_Task to complete:_ Return the lines of the data below starting at the one holding "Supreme Split Tee" and ending at the one holding "NIKE Boy's B", word for word, leaving every picture out.

_Stored data:_
>>
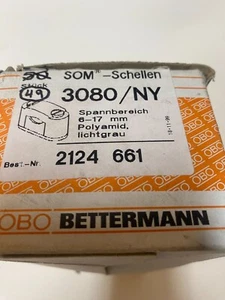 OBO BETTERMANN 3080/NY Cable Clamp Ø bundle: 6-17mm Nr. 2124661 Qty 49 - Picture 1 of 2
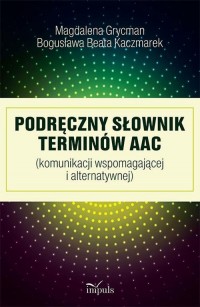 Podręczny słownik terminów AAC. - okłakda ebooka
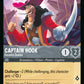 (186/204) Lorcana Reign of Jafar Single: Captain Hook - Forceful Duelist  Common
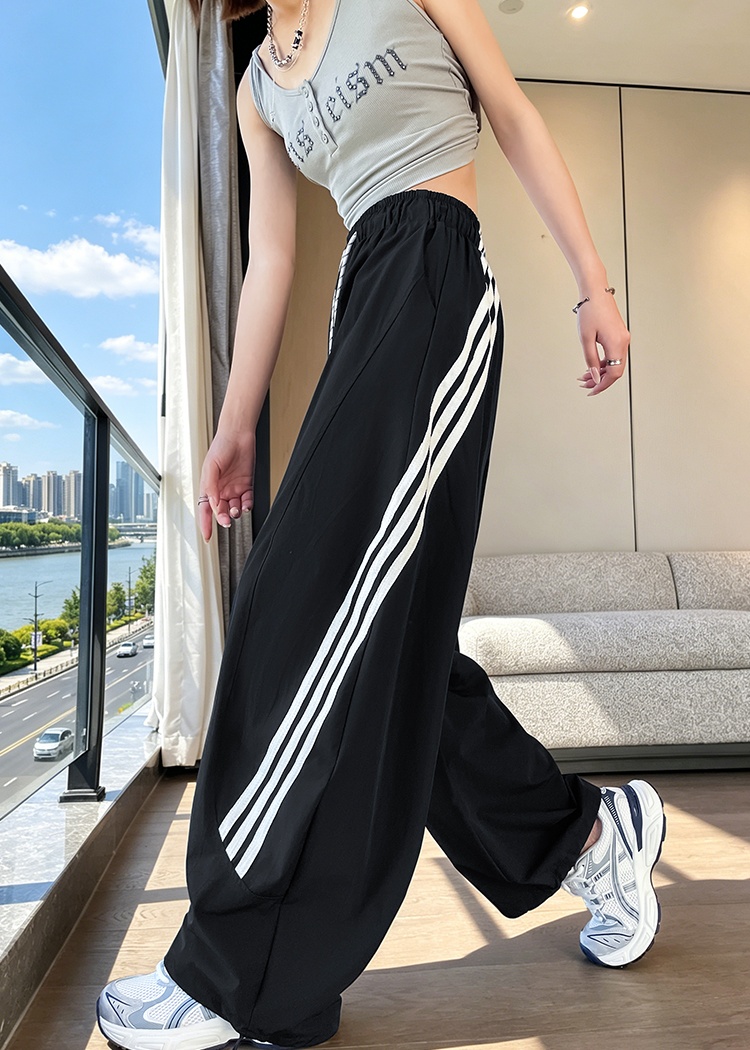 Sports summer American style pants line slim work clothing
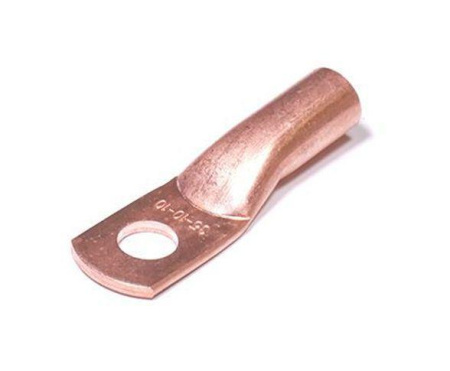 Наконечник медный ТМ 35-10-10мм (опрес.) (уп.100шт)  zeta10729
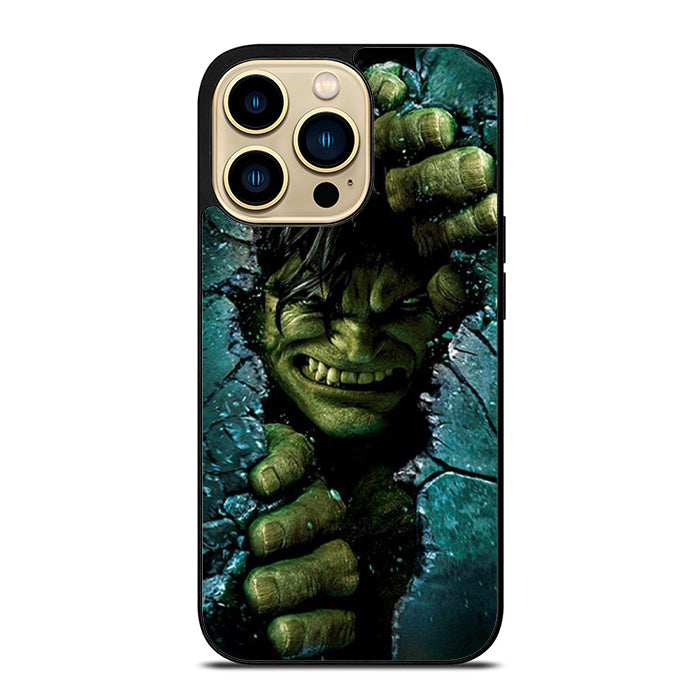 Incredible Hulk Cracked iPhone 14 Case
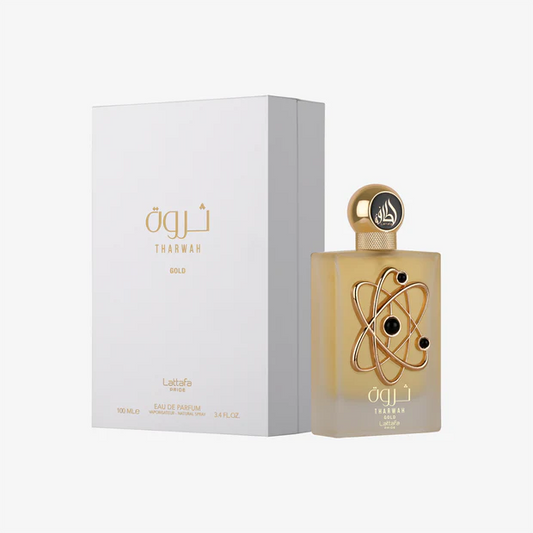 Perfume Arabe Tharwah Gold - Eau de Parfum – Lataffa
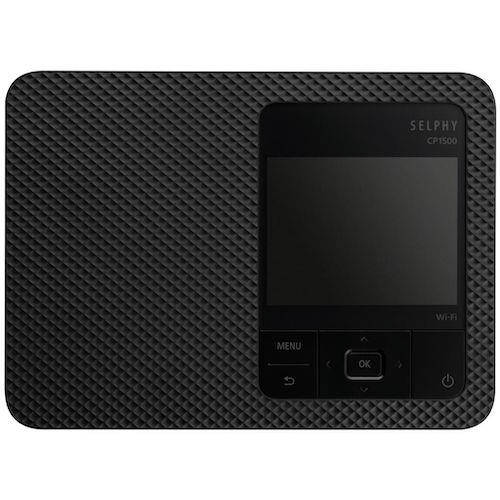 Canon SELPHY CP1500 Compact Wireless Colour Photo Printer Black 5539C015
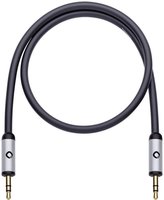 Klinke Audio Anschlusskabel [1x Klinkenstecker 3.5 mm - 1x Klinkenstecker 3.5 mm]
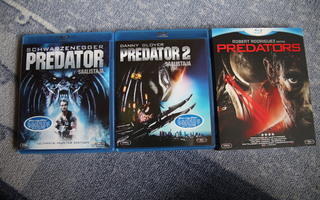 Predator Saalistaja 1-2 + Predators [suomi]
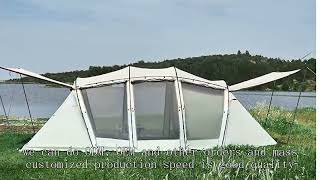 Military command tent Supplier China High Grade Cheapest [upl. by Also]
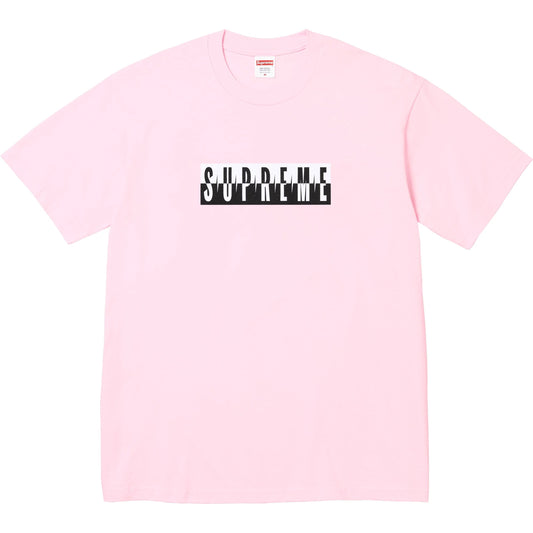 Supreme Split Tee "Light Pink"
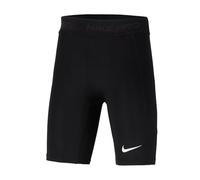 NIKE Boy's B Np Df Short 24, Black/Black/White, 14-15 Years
<<
>>
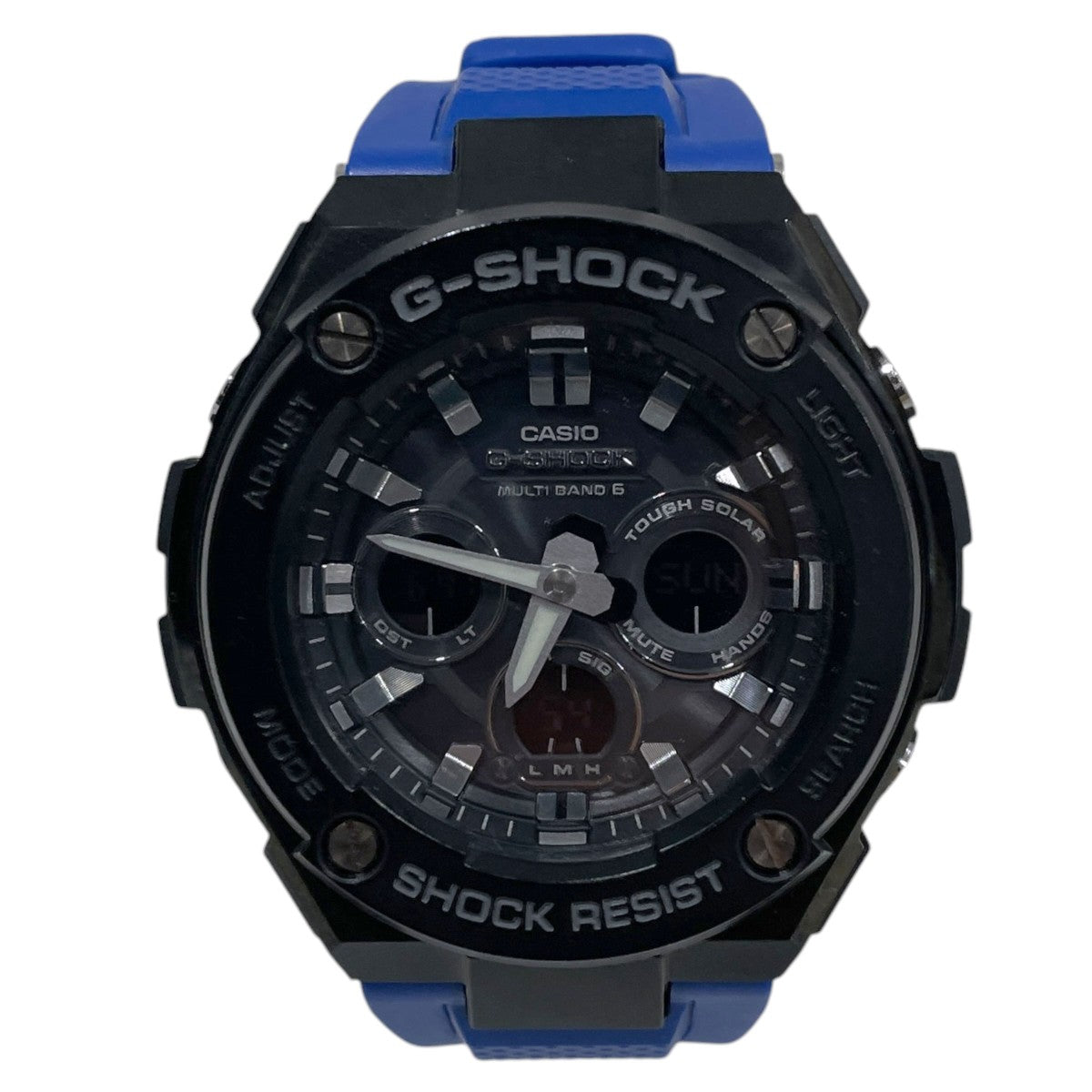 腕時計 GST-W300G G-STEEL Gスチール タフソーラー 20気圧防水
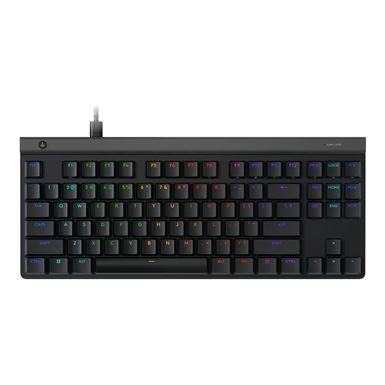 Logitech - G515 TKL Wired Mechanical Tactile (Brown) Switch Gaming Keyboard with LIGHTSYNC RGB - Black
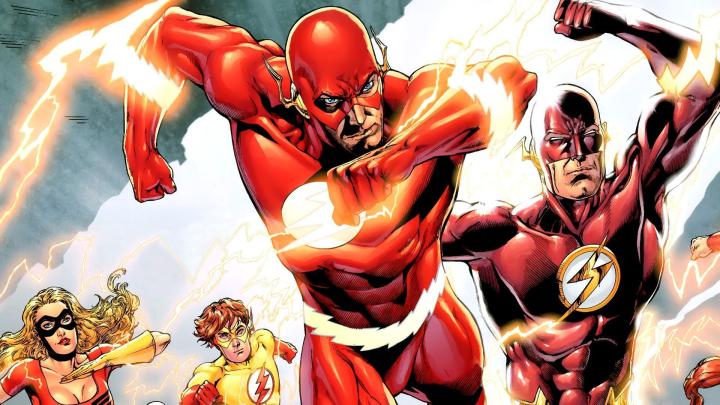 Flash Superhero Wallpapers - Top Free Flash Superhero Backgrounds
<<
_Your solution:_
 Supreme Split Tee "Light Pink"
 NIKE Boy's B Np Df Short 24, Black/Black/White, 14-15 Years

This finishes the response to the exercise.